### DATASET EXTRACT
##########
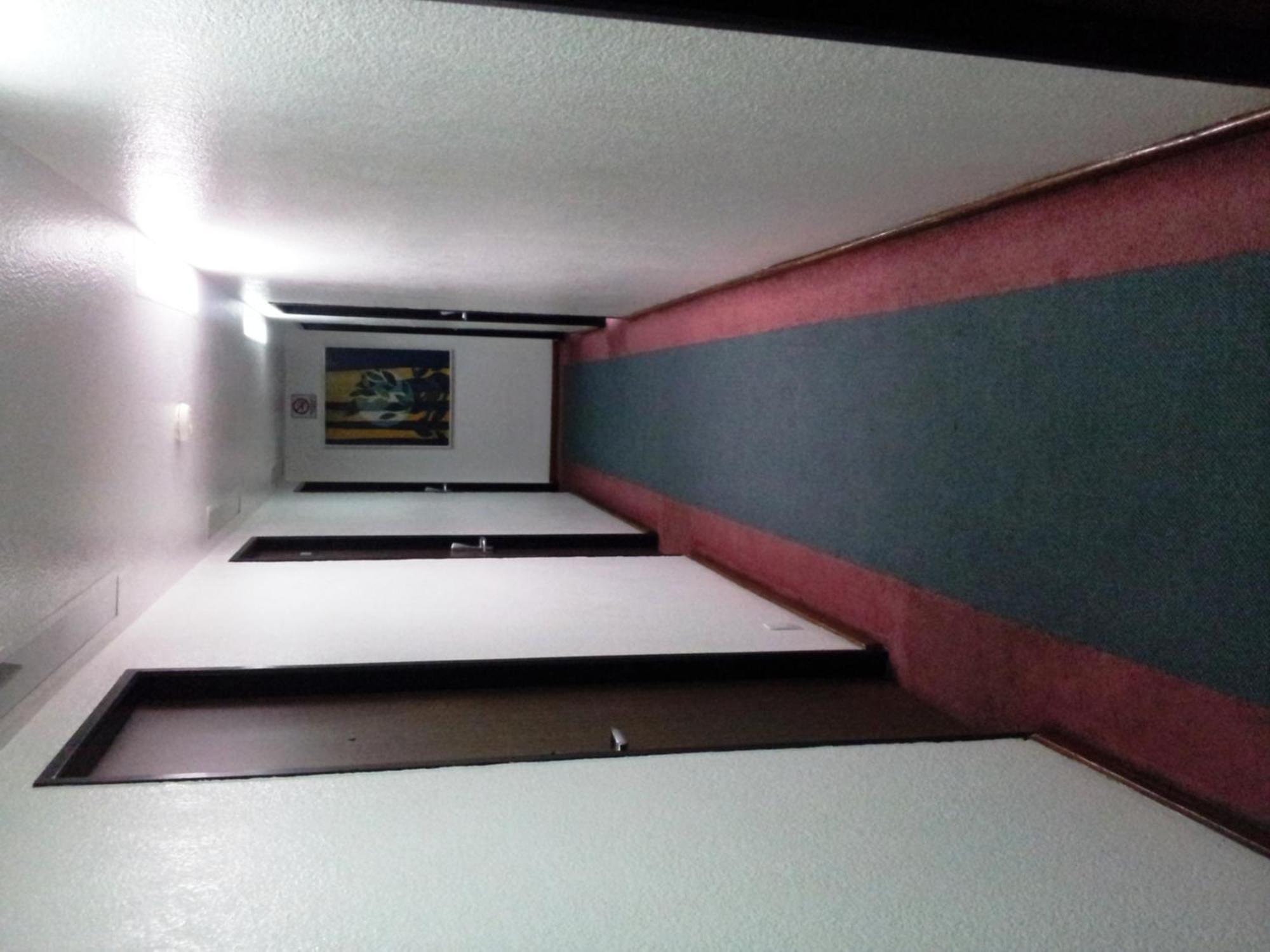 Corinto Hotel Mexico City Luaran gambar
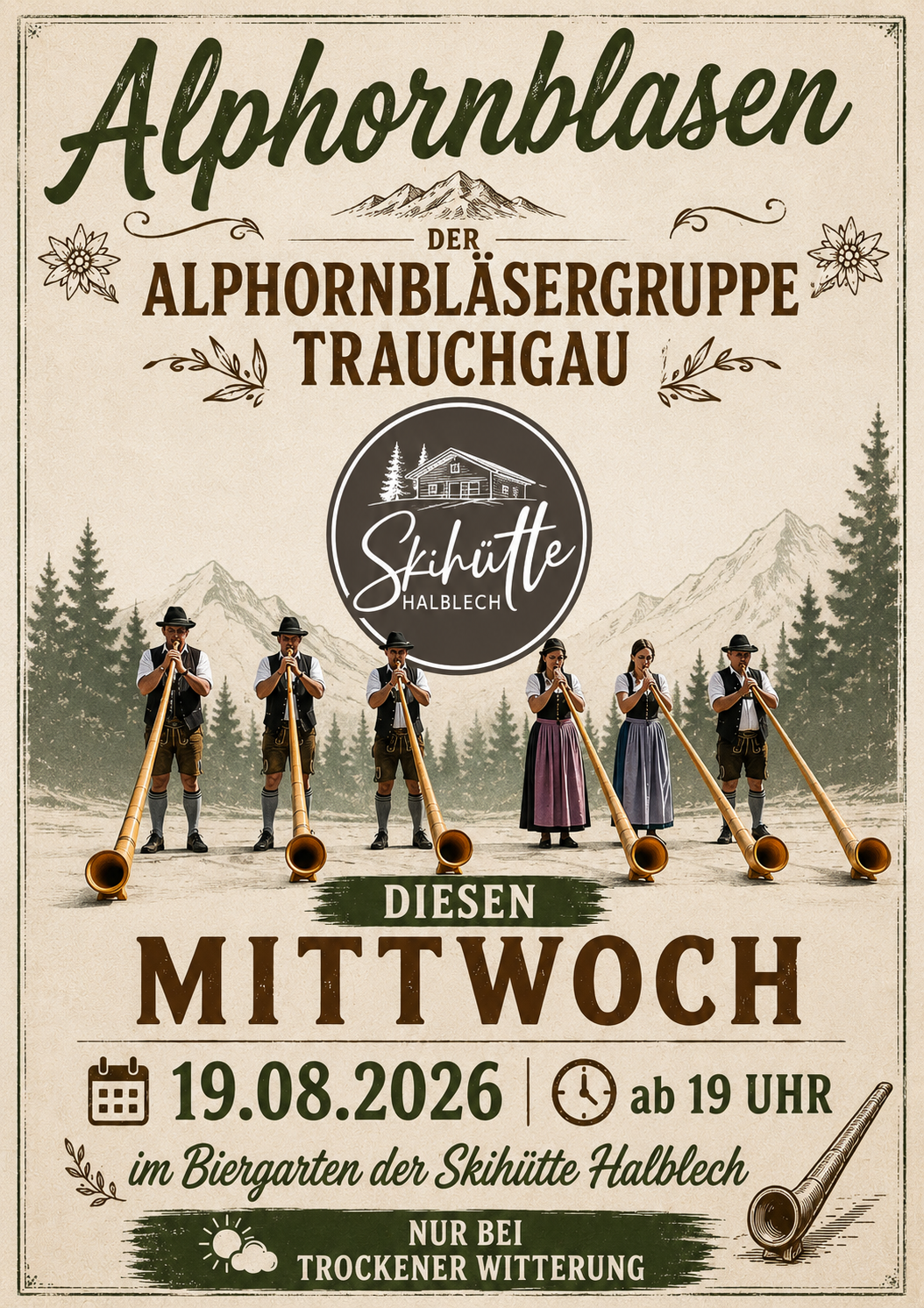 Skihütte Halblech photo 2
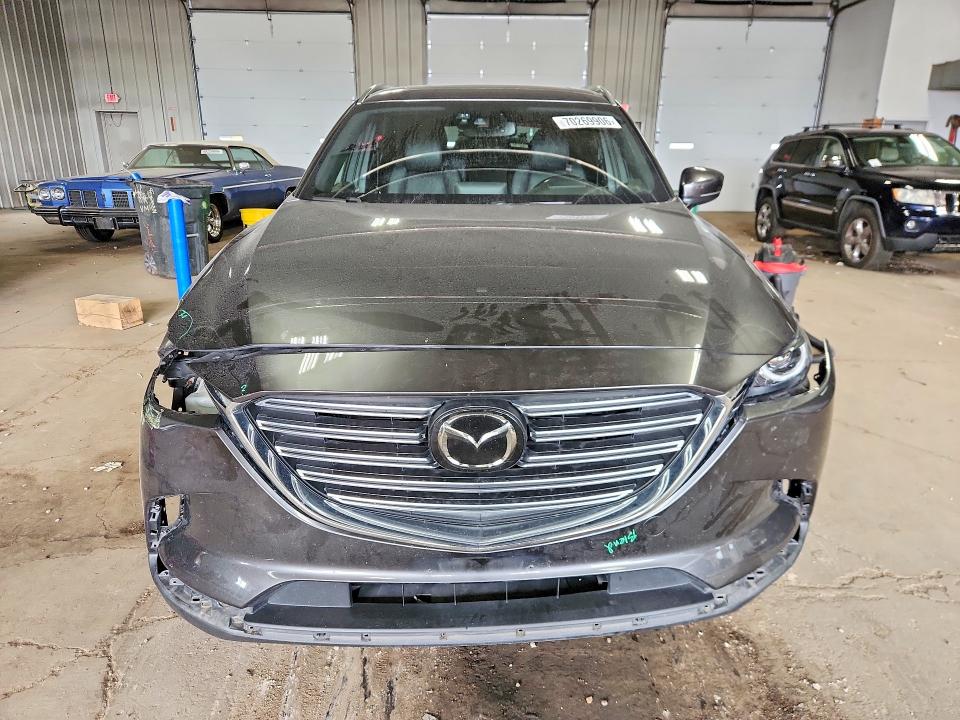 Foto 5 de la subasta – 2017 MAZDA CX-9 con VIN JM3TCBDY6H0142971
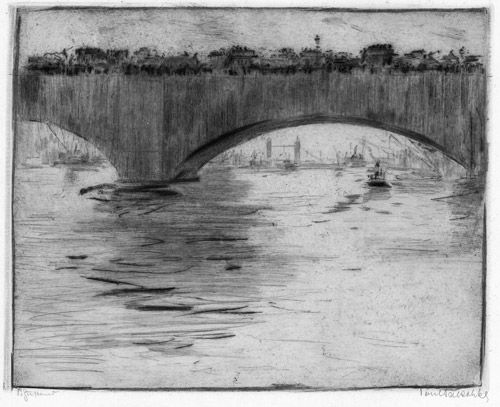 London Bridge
##########
Print the whole listing exactly. No pictures belong in the copy.

### RESPONSE FOR THIS EXERCISE
 Corinto Hotel Mexico City Luaran gambar
 Skihütte Halblech photo 2
 Foto 5 de la subasta – 2017 MAZDA CX-9 con VIN JM3TCBDY6H0142971
 London Bridge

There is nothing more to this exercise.